San Berlinguer di Marcello Sorgi è certamente un libro appassionante e che merita qualche riflessione. Non è un caso che sia uscito nel 2024, a quarant’anni dalla morte del famoso segretario del PCI. Il titolo però potrebbe trarre in inganno: paragonare la figura di Berlinguer a quella di un santo sembrerebbe suggerire un intento strafottente e sarcastico; intento che, a ben pensare, sarebbe più che comprensibile, dato che presso la quasi totalità delle élite intellettuali del Paese, nonché presso gran parte dell’opinione pubblica, la figura di Berlinguer è ammantata da un’agiografia di tipo sostanzialmente emotivo, sentimentale e nostalgico, difficile o impossibile da spiegare in termini razionali.
In realtà, leggendo il libro è chiaro che l’intento dell’autore, il quale conobbe il famoso segretario da giovanissimo cronista del giornale palermitano L’ora, è certamente quello di presentare un ricordo personale, nonché il resoconto di un pezzo di Storia italiana narrato da un giornalista che vi si è trovato, per così dire, buttato dentro, prima in Sicilia, poi a Roma e in altre parti d’Italia. Ma San Berlinguer non è solo questo: è anche una specie di romanzo di formazione, l’autobiografia di un giovanissimo reporter (all’inizio della storia non ha più di diciassette anni) che inizia la sua carriera in una Palermo insanguinata dalla mafia, dove una scrivania della sua redazione è perennemente vuota, dato che apparteneva a un collega sequestrato da cosa nostra e mai più ritrovato. Leggere della dedizione di un giornalista-ragazzino che la mattina si fa tutti gli ospedali della città per capire se dietro una ferita d’arma da taglio o da fuoco vi sia una “storia” da raccontare fa desiderare che tutto il mondo della stampa sia così coraggioso. Ma c’è di più: infatti l’autore racconta anche di quando, da giovane, durante una delle sue ricognizioni per i pronto soccorsi, gli capitò d’imbattersi nel suo primo morto ammazzato e, com’è più che comprensibile, sentì il bisogno di uscire dalla stanza per riprendersi dallo sgomento.
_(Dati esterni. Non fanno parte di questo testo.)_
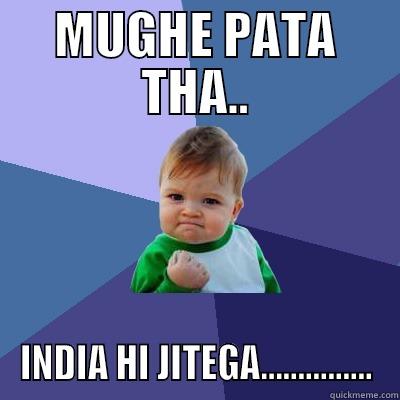 MUGHE PATA THA.. INDIA HI JITEGA............... Success Kid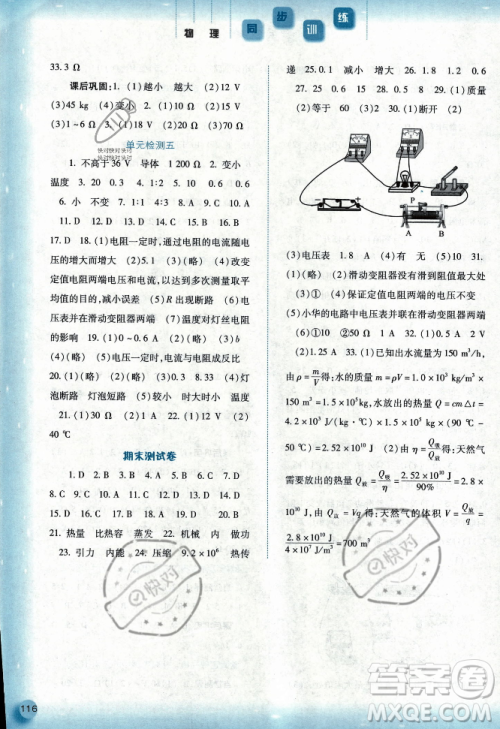 河北人民出版社2023年秋同步训练九年级物理上册人教版答案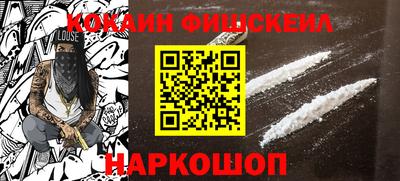 скорость Аргун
Un libro che lascia molti perché
Oltre al suo personale e appassionante viaggio all’interno della Storia, Marcello Sorgi presenta anche alcuni lati della segreteria Berlinguer che di solito vengono ignorati, come l’antipatia di una parte della base del partito verso il cosiddetto “compromesso storico”, nonché una certa arroganza del segretario nei confronti della stampa («Rivolgetevi all’ufficio stampa» pare fosse la sua abituale risposta a chiunque gli ponesse una domanda; salvo il fatto che l’ufficio stampa non rivelava mai niente di sostanziale). Curioso anche un suo certo maschilismo, che lo vide in fondo contrario al referendum sul divorzio e convinto che le donne del PCI dovessero ispirarsi a Maria Goretti. Eppure, la descrizione iniziale, disponibile anche sul sito della casa editrice, stimola curiosità che non vengono soddisfatte adeguatamente.
«Perché ancora oggi la sinistra italiana ha bisogno di coltivare il mito di Berlinguer?». Così viene presentato il libro: eppure, leggendolo non si trova una vera e propria risposta a questa domanda. La descrizione iniziale dice anche che il libro intende contrapporre «la storia alla leggenda e la cronaca all’agiografia». «Nell’osservare così da vicino il mausoleo dell’”ultimo capo del popolo comunista” – continua la descrizione – sarà impossibile non riconoscerne le crepe, né evitare di interrogarsi sulle ragioni per cui, ancora oggi, la sinistra italiana continua a vivere nella sua ombra».
Benché alcune crepe nell’immagine del segretario vengano effettivamente presentate, come vedremo, esse non sembrano però approfondite a sufficienza: non riescono cioè a uscire completamente da quell’agiografia imperante dalla quale pure ci si vorrebbe smarcare. Inoltre, è possibile che con questo libro un lettore sia stimolato a interrogarsi sulle ragioni per cui l’odierna sinistra italiana ha ancora bisogno dell’ombra di Sant’Enrico ma, appunto, non vi sono risposte precise a questi interrogativi.[1]  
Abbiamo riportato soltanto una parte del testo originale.